At the Museum, events often take place in cycles. Of course we have the cycle of fieldwork and laboratory research, a cycle of exhibit preparation followed by installation, and, like many other workplaces, cycles in which there are periods with many meetings, followed by blessed intervals with very few meetings.
What you may not appreciate is that there are also cycles in our dealings with members of the public. There are quiet periods when I might handle about one inquiry a week, and then there are those other times when it feels like hardly a day passes without at least a couple of calls or e-mails asking me to identify fossils or explain geological phenomena. And invariably, when the inquiries heat up, so do the donations.

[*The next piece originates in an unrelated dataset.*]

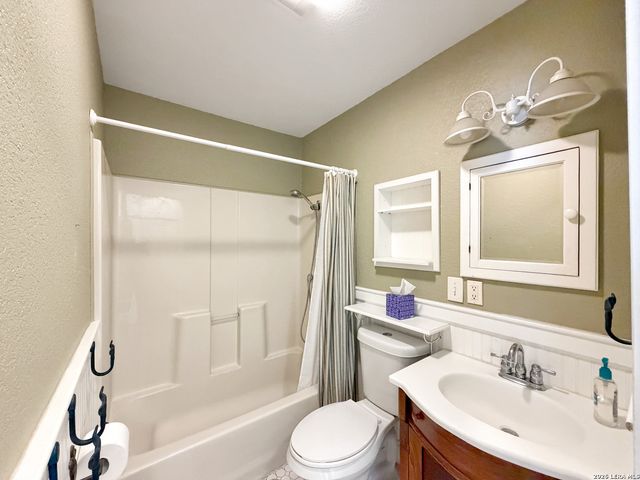 462 Flatrock, Canyon Lake, TX 78133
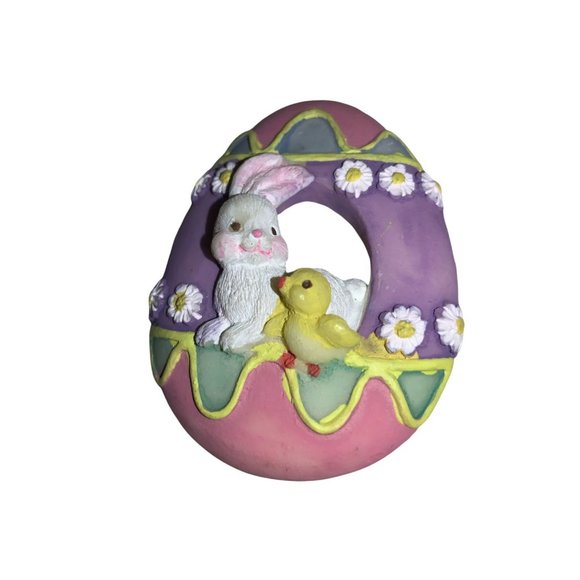 EASTER EGG PIN BROOCH WHITE BUNNY RABBIT CHICK Decorated Spring Flowers - Picture 7 of 9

The past few weeks have been a very rich period for both inquiries and donations. I have identified some very interesting rocks and fossils, and we have received the three superb donations shown here. It is unusual to receive objects having this sort of quality and significance; to receive three within just a few weeks is quite wonderful!

An Ordovician starfish (asteroid) from the Stony Mountain Formation at Stony Mountain (about 450 million years old)
Fossil starfish are about as rare as Archaeopteryx teeth! Of course an Archaeopteryx had a lot of teeth, but very few specimens of those teeth have ever been found. It is the same with fossil starfish. I’m sure that there were large numbers of starfish in ancient seas, but starfish are broken up very easily after death, by waves, currents, and scavengers.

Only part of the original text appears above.